I was born, the youngest of three children with a seven year gap between myself and my older brother John and a nearly a ten year gap between myself and my sister Gillian. At times it has felt like I were the one and only child in a second family started late by my parents. I was raised in the Protestant faith, brought up in the boring austerity of the Church of Ireland in Dublin, encouraged to socialise in the cliques and the congregations of the youth clubs and various associations involved with and connected with the church and its members. I immediately knew that I did not fit in and found, the cold, sober Angloholic atmosphere of these associations to be too much for me and great anxiety came upon me even in those early days.

These churches are the antipathy of spiritual integration and understanding, often when they hold themselves so conservatively to old traditions and rituals that have no room for questioning, no depth nor beauty to human philosophy and religion. The everyday world of experience can instead remove us from the earnestness of the church and see the preciousness of life, reality and our power to make beauty come alive in this religious world. God reveals himself to man in unknown ways beyond immediate recognition and there are no club members but all are participants, candidates and workers in a world that proposes the question and the answer all before us. 

But indeed only a choice before the answer can utilise the truth before us, to open a sacred portal, to affirm a response, which is sacrosanct, and all engulfing around us.

I was a chubby baby, had a crop of beautiful white blond hair, cried incessantly for attention and certainly made life difficult for my mother and father at times.

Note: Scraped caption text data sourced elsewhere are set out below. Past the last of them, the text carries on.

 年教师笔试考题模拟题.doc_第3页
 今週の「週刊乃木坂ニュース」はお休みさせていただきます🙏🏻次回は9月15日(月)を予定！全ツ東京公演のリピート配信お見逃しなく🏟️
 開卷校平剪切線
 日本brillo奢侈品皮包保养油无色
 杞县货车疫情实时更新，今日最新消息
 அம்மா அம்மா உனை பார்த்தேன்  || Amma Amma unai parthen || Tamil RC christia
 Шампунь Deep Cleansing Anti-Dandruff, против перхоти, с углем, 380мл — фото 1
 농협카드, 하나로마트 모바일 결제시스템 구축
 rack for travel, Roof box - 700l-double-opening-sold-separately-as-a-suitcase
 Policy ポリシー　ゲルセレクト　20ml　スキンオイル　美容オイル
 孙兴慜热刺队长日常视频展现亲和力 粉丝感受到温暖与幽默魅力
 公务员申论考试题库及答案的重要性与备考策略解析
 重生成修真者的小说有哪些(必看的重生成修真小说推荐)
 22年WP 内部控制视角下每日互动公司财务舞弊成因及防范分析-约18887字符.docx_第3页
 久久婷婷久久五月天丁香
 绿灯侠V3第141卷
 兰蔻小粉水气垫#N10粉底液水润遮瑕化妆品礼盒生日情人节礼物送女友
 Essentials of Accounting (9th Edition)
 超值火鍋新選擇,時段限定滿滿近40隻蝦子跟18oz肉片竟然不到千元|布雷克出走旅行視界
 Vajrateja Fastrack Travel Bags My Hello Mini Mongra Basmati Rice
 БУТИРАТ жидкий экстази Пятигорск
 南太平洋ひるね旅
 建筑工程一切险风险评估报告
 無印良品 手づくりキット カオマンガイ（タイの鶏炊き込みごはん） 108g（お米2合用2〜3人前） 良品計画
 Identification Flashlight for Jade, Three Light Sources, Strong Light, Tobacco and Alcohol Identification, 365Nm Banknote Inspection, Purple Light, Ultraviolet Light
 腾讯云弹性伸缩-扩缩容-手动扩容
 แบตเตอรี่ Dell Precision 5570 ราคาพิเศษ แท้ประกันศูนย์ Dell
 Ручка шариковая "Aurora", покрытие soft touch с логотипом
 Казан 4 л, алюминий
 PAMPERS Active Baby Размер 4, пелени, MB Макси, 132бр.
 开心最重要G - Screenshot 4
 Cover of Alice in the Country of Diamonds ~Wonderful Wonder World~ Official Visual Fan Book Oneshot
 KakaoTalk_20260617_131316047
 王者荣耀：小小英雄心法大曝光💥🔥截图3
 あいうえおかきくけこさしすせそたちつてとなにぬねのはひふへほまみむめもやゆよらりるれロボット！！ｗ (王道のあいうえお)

My mother had spend much of her days, in dedication to feeding, caring, nursing and educating her three children, her cathartic care and loving radiance made her the perfect mother for a child like me. I can only describe my earliest moments and memories with precision, but I will tell you that I first felt complacency in life, that was the first thing I felt. My complacency was a state of joyous exploration for life. I spent two thirds of my time day dreaming and playing with my toys. 

I remember my first day of school strangely enough. I remember that I had to be coaxed in through the door and that my father had to take hold of me in front of the teacher so to encourage me to face the unusual sight of others playing in a messy room scattered with play doh, Lego blocks, crayons and story books. I only now do I fully realise that I had a very minute awareness of what was going on, who I was and who these other creatures were indeed. I found the atmosphere to be tough at first but I think I adjusted despite my poor social skills that had been picked up on by several of the children. 

My energy was unmatched, my frequent forays into the imaginative world of childhood made me look like a scatterbrain and some of the teachers were receptive to my poor grades and my lagging ability to comprehend the school curriculum.